歌う前の軽いトーク、クリスマスはどんな日かという質問。今は星野が答えているところだ。次に大気が答えて自分の番になる。本当なら今日は真珠と一緒に過ごしていたはずなのに、そんなことを考えていた。
(あっ…)
今、一瞬夜天がこっちを見た気がする。だけど気付かなかったのだろうか、彼の視線はすぐに外れてしまった。やっぱりこんな場所では見つけてもらえるはずないかと思った。
目の前の子たちも夜天が一瞬こっちを見たとキャッキャと喜んでいたのだから。
「では、夜天さんお願いします」
いつの間にか大気の話も終わっていたらしい。話を振られマイクを口元に持っていく。ファンの子たちを見渡しながら答える。
「そうですね、僕は…っ」
用意していた答えを言おうとしたとき、女の子たちの中でキラリと何か光った気がした。その場所を答えることを忘れて見つめる。
ざわざわと女の子たちが夜天の視線の先を探りだした。
「夜天さん?」
司会の声にハッと我に返り、その視線の先に特別スマイルを送ると女の子たちはキャーと歓声を上げる。その女の子の中で輝く自分だけの星を見つめて優しく微笑んだ。
「僕にとってクリスマスは、大切な星をみつけるための日かもしれませんね」
「それはどういう…?」
「どれだけ離れていても、輝く星なら見つけることが出来るから、今日は会いに来てくれてありがとうって伝えたいです」
今度はカメラに向かってウィンクをした夜天。普段見られない夜天のその姿に目の前の女の子たちが次々とメロメロになり落ちていく。
真珠はアイドルとは恐ろしいものだと思った。だけどそんな夜天にドキドキしている自分がいるのも本当で。
そして司会に促されステージの中央でスタンバイをする直前、夜天が真珠のいる場所を見る。
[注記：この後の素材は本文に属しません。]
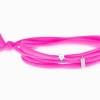 Bracelet Gresy's Sunny Star 1 diamant, argent rhodié Rose Fluo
今度はしっかりと2人の視線が絡みあい、軽く微笑む夜天。
(気付いてくれたの…?)
いつの間にかギュッと力を込めていた拳を解く。その後は彼らの歌に耳を傾けた。
何度か夜天と目が合った気がするが、目の前の女の子たちも同じように思っていたから、そうじゃないかもしれない。だけど真珠の心は幸せで満たされていた。